Assigned task: How many lines below hold "Sébastien"? Answer with only the number.

--- Given data ---

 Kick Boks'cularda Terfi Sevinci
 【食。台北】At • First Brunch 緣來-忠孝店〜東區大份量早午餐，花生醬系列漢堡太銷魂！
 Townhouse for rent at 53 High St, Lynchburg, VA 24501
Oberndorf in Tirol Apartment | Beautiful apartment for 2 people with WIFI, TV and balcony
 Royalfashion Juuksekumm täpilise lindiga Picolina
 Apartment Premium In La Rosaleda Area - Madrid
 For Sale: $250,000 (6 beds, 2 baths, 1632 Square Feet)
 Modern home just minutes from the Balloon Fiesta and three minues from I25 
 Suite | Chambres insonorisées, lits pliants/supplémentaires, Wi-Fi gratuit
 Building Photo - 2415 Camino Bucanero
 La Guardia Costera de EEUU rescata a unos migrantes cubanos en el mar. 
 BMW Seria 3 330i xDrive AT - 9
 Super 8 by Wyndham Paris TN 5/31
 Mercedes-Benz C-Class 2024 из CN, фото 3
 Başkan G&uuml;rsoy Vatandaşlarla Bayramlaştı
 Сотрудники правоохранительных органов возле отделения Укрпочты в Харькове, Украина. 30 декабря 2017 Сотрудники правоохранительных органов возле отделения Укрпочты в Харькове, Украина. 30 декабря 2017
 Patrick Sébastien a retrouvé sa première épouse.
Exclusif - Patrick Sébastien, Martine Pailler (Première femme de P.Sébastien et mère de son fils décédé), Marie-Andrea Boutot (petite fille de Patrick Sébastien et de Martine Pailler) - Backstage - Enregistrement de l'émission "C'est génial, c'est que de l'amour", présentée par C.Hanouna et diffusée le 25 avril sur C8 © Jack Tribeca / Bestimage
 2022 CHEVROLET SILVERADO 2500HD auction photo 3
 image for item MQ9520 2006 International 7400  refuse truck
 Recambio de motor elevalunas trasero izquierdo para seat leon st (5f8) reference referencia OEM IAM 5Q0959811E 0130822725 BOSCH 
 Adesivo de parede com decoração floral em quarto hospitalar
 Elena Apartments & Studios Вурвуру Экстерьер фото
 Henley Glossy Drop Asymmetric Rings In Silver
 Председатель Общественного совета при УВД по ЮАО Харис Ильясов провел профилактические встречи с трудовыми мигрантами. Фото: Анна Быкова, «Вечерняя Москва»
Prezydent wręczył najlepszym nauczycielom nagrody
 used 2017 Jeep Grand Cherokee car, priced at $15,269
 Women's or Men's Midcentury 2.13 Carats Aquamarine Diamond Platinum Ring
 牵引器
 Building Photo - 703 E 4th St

---

Answer: 2